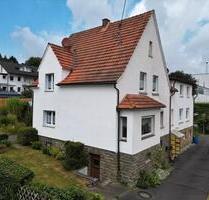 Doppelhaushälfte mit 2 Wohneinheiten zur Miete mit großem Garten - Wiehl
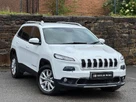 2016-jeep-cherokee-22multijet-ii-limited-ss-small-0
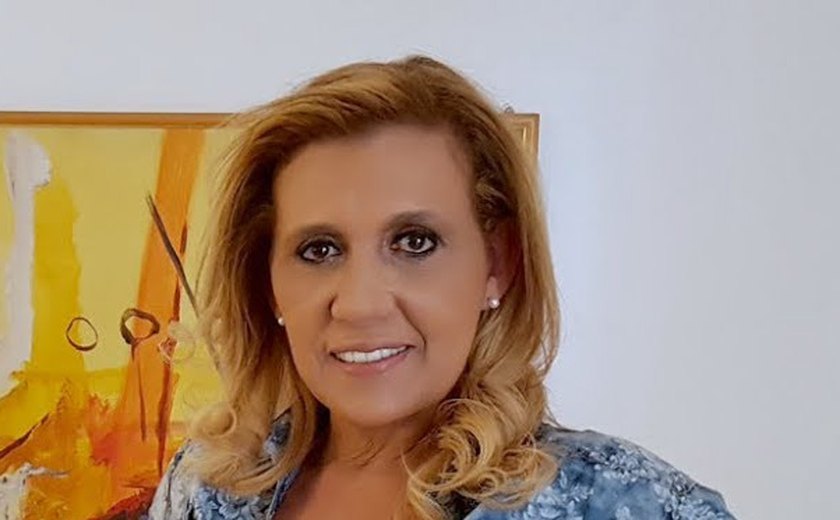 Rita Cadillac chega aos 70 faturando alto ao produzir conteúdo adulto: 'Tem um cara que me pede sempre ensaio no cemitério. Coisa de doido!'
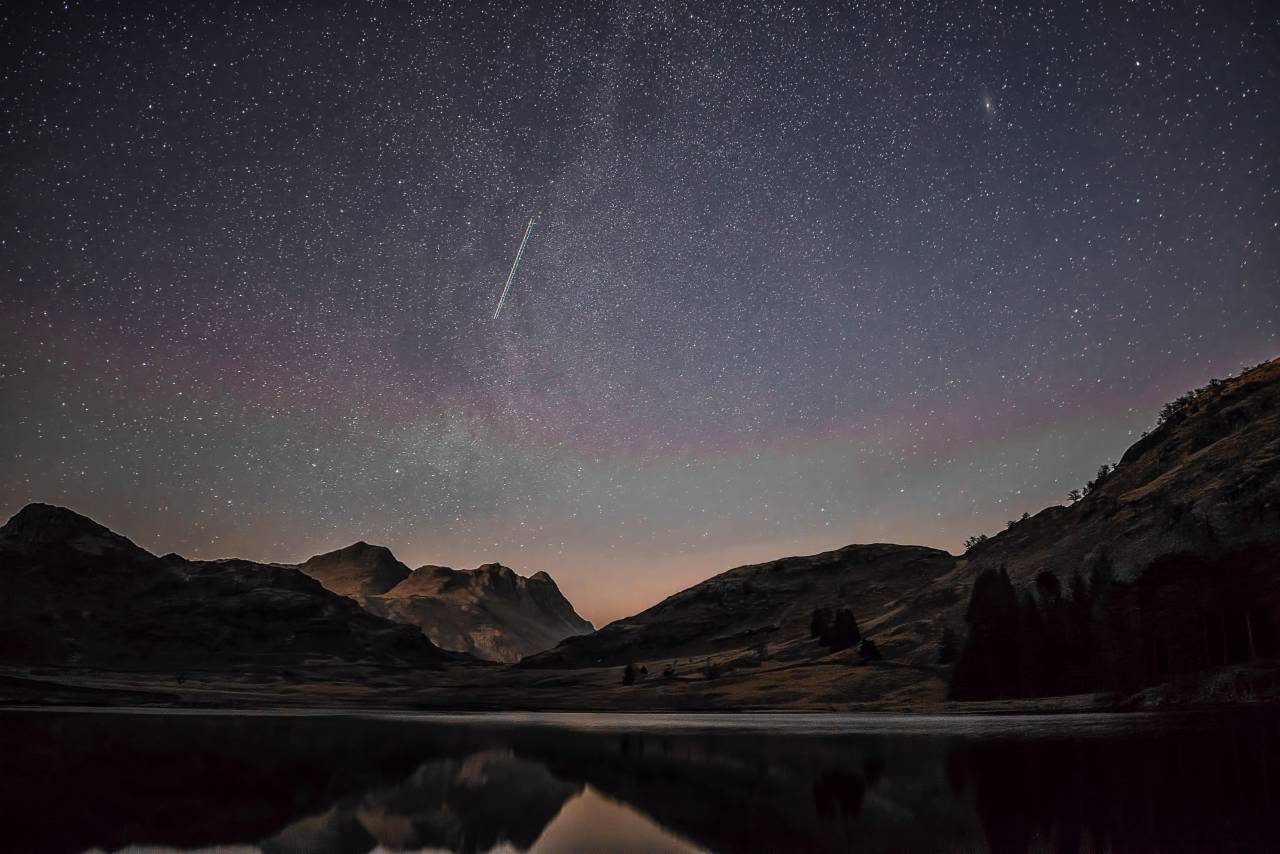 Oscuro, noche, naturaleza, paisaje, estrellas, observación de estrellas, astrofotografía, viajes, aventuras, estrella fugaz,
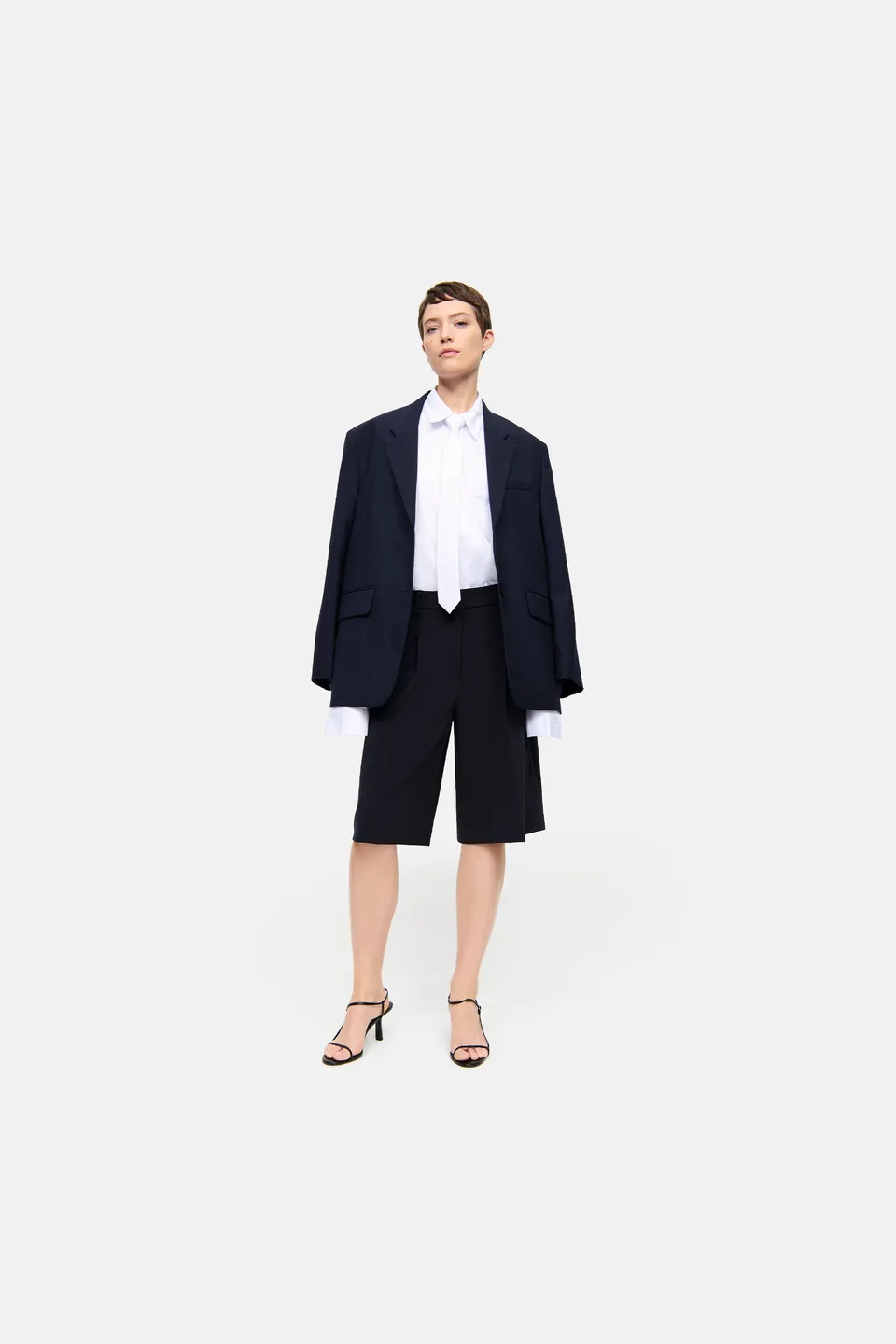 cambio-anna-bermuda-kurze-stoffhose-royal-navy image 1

----

- Task details:
Exactly the lines from the line containing "Rita Cadillac chega" to the end of the records need to be copied, both ends included, with pictures left out.

- Response below:
 Rita Cadillac chega aos 70 faturando alto ao produzir conteúdo adulto: 'Tem um cara que me pede sempre ensaio no cemitério. Coisa de doido!'
 Oscuro, noche, naturaleza, paisaje, estrellas, observación de estrellas, astrofotografía, viajes, aventuras, estrella fugaz,
 cambio-anna-bermuda-kurze-stoffhose-royal-navy image 1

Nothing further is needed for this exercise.